* **Your task**:
For this exercise, retype the lines from the one that holds "Apartament Ruhiges 4" through the one that holds "[Love Live! Nijigasaki" in the records below, both included, exactly and without pictures.

* **Records to use**:

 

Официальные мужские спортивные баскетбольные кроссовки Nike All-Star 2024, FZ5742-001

---

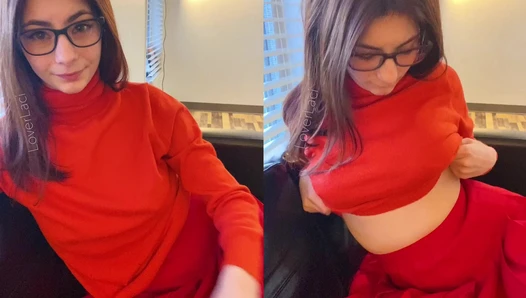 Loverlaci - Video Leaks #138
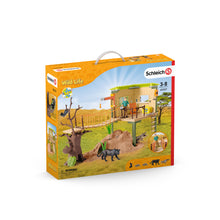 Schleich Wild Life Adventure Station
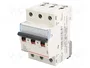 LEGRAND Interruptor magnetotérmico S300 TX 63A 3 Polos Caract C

==

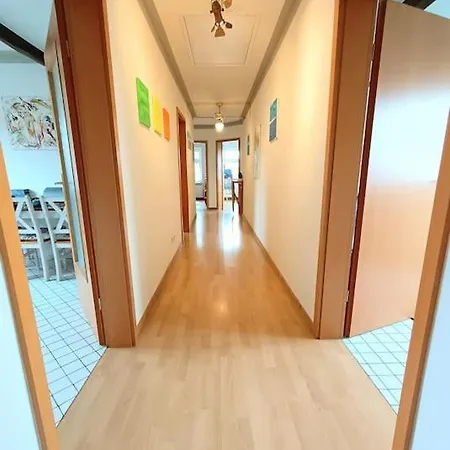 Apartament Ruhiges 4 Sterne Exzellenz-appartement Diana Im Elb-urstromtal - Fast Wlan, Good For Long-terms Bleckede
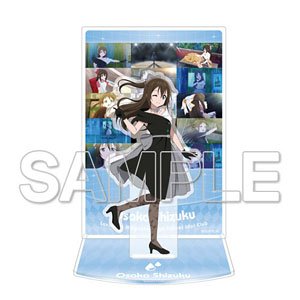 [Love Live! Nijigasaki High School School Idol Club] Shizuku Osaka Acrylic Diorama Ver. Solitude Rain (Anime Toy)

* **Response area**:
 Apartament Ruhiges 4 Sterne Exzellenz-appartement Diana Im Elb-urstromtal - Fast Wlan, Good For Long-terms Bleckede
 [Love Live! Nijigasaki High School School Idol Club] Shizuku Osaka Acrylic Diorama Ver. Solitude Rain (Anime Toy)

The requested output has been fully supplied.